Aksi Teror Gereja: Ada Sobekan Uang di Tas Tersangka

4735
Polisi bersenjata lengkap berjaga di depan Gereja Santa Lidwina, Jambon, Trihanggo, Gamping. (Foto: Putut Wiryawan/koranbernas.id)

KORANBERNAS.ID – Tersangka peneror Gereja Katholik Santa Lidwina, Suliyono, diketahui membawa tas ransel. Menurut sumber-sumber koranbernas.id di dalam tas tersangka ditemukan beberapa dokumen dan uang rupiah yang sudah diseobek menjadi dua bagian.

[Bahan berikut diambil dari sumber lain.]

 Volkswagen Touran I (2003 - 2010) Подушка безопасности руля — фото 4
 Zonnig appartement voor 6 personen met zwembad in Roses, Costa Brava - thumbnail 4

Sobekan uang itu terdiri dari berbagai pecahan nominal seperti Rp 100.000,- dan Rp 50.000,-. Belum diketahui, apakah tersangka Suliyono sendiri yang menyobek uang itu atau orang lain.

Suliyono, warga Krajan Rt. 02 Rw. 01 Desa Kandangan, Kecamatan Pesanggrahan, Kabupaten Banyuwangi, Jawa Timur dalam identitas dirinya berstatus mahasiswa. Ia dilumpuhkan dengan senjata api, setelah mengamuk di dalam Gereja Santa Lidwina, Pedukuhan Jambon, Desa Trihanggo, Kecamatan Gamping, Kabupaten Sleman. Peristiwa itu terjadi Minggu pagi pukul 07.30 (11/2/18), pada saat umat Katholik melaksanakan misa mingguan. Misa dipimpin Romo Karl Edmund Prier, SJ.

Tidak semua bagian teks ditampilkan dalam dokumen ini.